Vagaban por las tierras que se encontraban encima de El Sagrario, principalmente en los Senderos de los Muertos, un paso secreto y aterrador a través de las Montañas Blancas, donde no permitían la entrada a nadie vivo.
¿Cómo pudo Aragorn invocar y controlar al Ejército de los Muertos?
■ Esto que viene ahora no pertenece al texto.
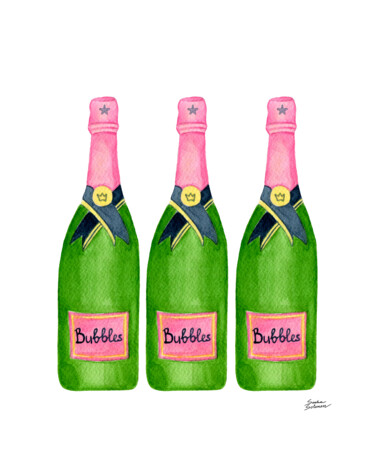 Malerei mit dem Titel "Bubbles" von Sasha Solomon, Original-Kunstwerk, Aquarell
Aragorn pudo invocarlos porque era el legítimo heredero de Isildur, el mismo que pronunció la maldición. Al portar la espada Andúril (la hoja reforjada de Narsil) y demostrar su linaje y autoridad, los Hombres Muertos se vieron obligados a responder al llamado de su verdadero rey, tal como había sido profetizado.
¿Qué hicieron los Hombres Muertos en la Guerra del Anillo?
Su papel fue crucial en la Batalla de Pelargir. Atacaron y derrotaron a los Corsarios de Umbar, quienes estaban a punto de llevar refuerzos a Sauron por mar. Su presencia causó un terror paralizante en los enemigos, permitiendo a Aragorn y a la Compañía Gris tomar la flota y navegar hacia Minas Tirith.
¿Desaparecieron los Hombres Muertos después de que la maldición fue levantada?
Sí, una vez que cumplieron su juramento y Aragorn los liberó, sus espíritus se desvanecieron y finalmente encontraron el descanso eterno. Su misión había terminado, y su alma ya no estaba atada a la Tierra Media.
El Ejército de los Muertos es un testimonio del profundo tapiz de la historia de la Tierra Media, un relato que entrelaza la traición antigua con la redención predestinada. Su breve pero impactante aparición en la Guerra del Anillo es un recordatorio de que incluso los errores más antiguos pueden ser corregidos, y que el valor y la autoridad de un verdadero rey pueden trascender las barreras entre la vida y la muerte.